Au Printemps, lorsque les jours s'allongent et que la température monte, les jupes raccourcissent et aux premières grosses chaleurs, les femmes revendiquent le droits d'être court-vêtues sans pour autant être harcelées. C'est aussi l'occasion d'inévitables polémiques sur ces minijupes trop courtes et autres crop-top portés par des lycéennes et collégiennes.

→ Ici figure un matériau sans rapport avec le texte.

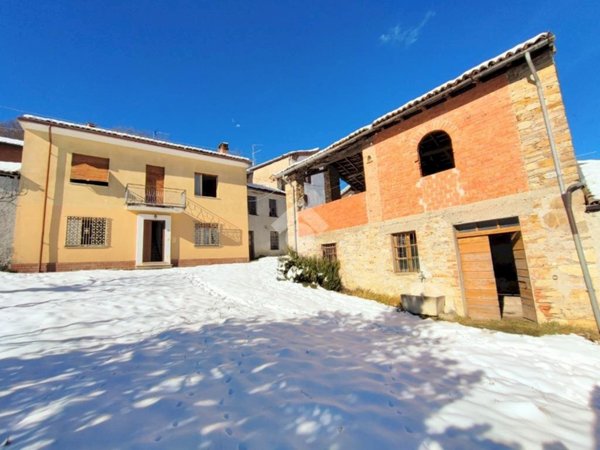 casa indipendente in vendita a Fabbrica Curone in zona Garadassi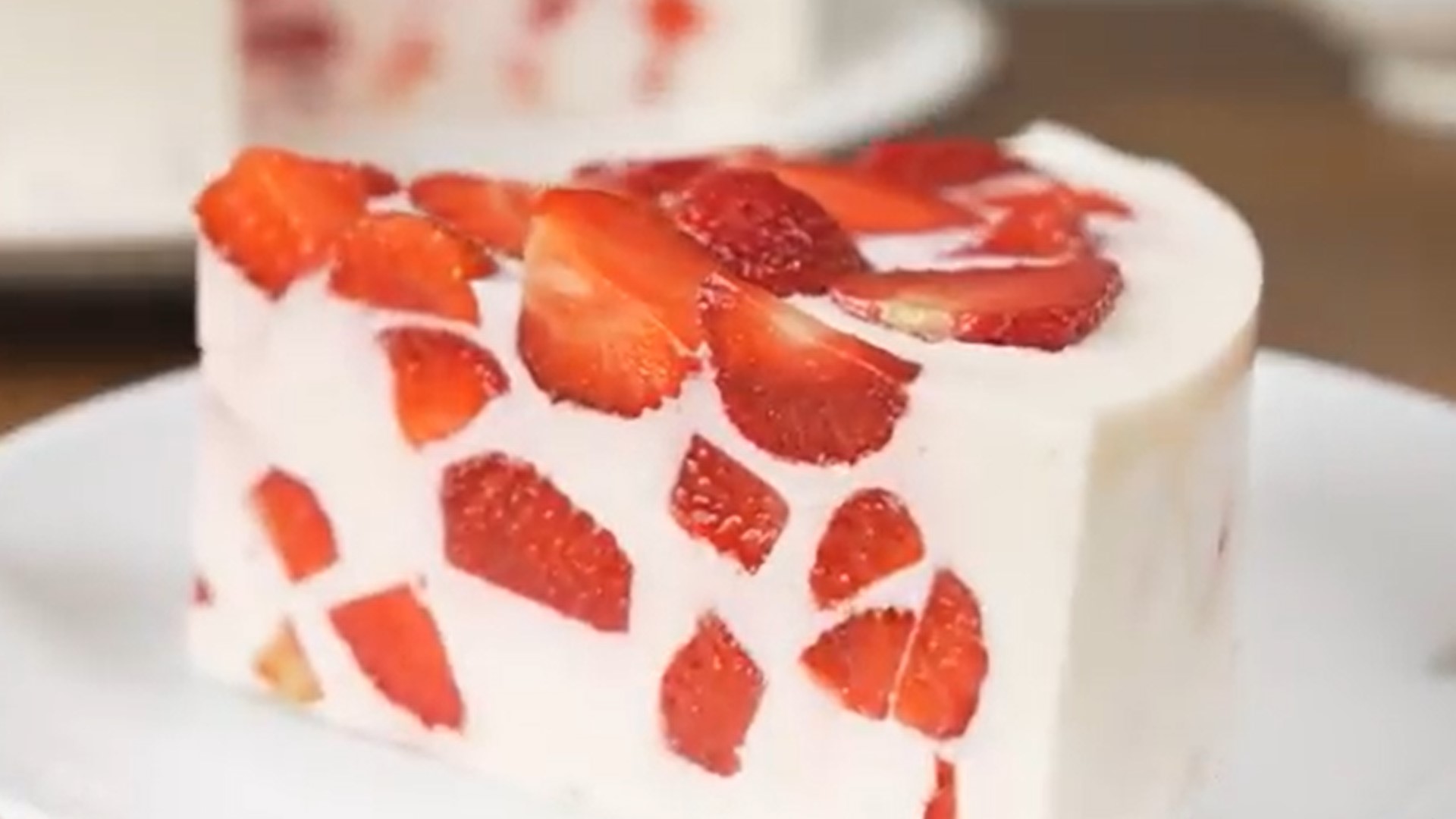 Tort truskawkowy bez pieczenia w 15 minut. Lekki, szybki i pyszny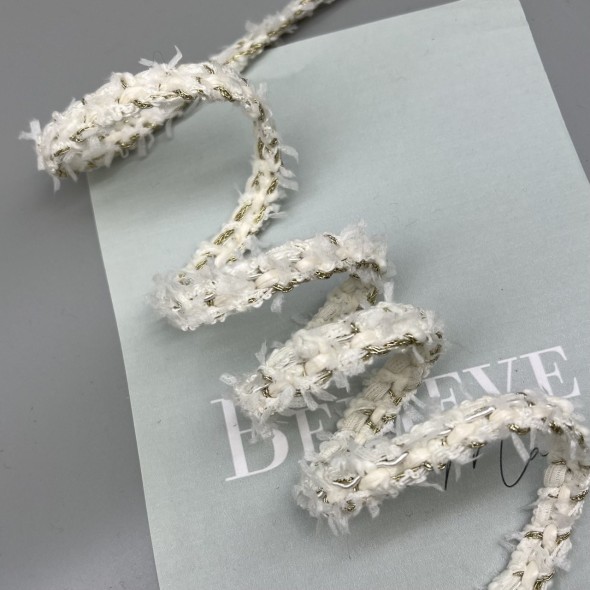 Тесьма плетеная молочная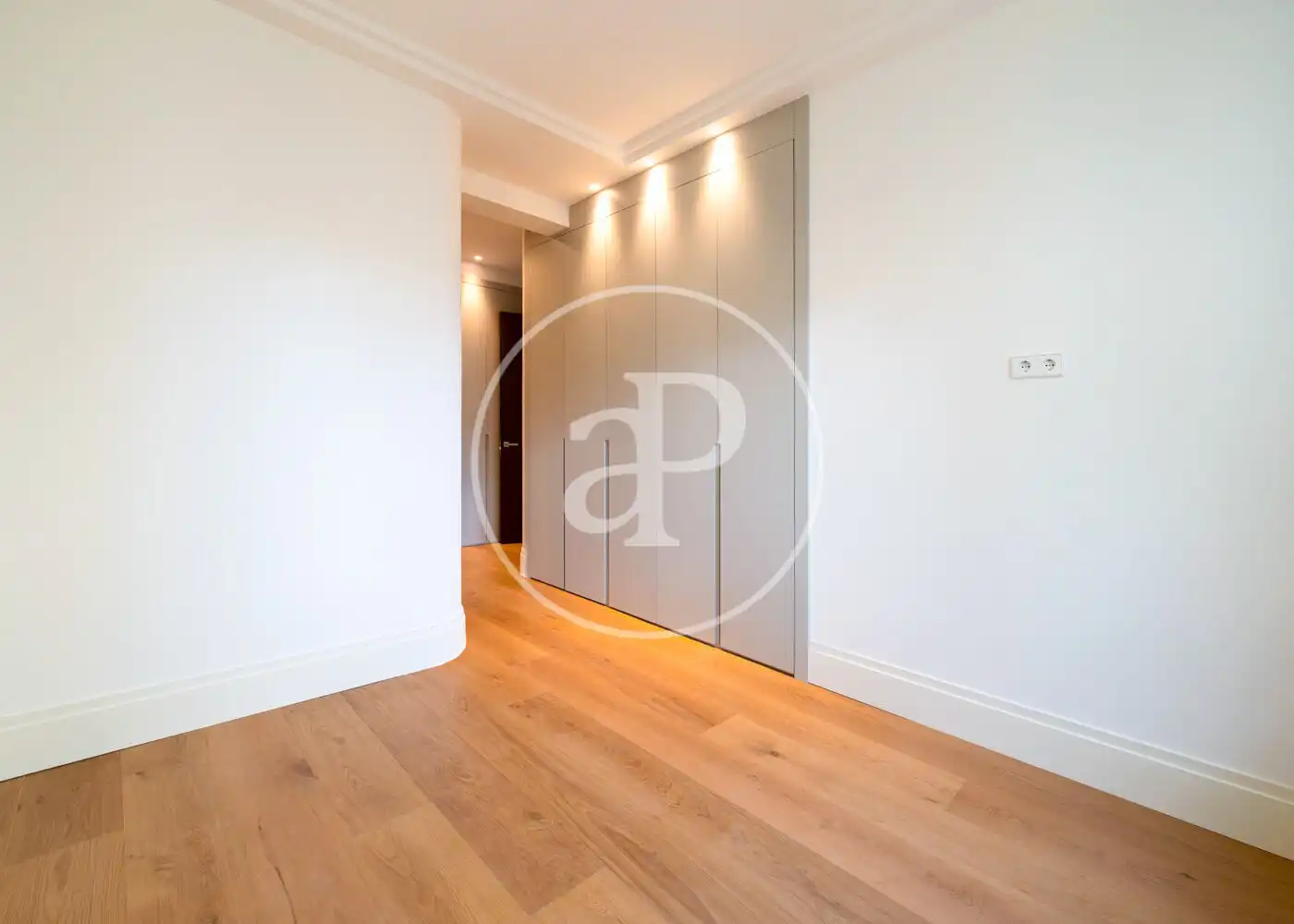 Wohnung zum Verkauf in Madrid mit Klimaanlage, Heizung und Abstellraum
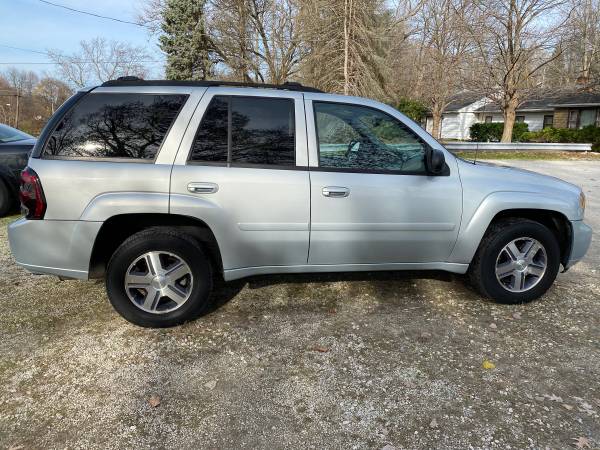 2008 Chevy Trailblzer LT - cars & trucks - by owner - vehicle... for sale in Akron, OH – photo 7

Moi, pendant ce temps, je continue de prendre des images dans la rue ou les transport et les filles y sont donc un peu plus dénudées qu'à l'accoutumé ! Si ces photographies ne font pourtant que témoigner de leur époque, et de la mode du moment, elles me valent parfois de vives critiques... (fort heureusement d'une minorité).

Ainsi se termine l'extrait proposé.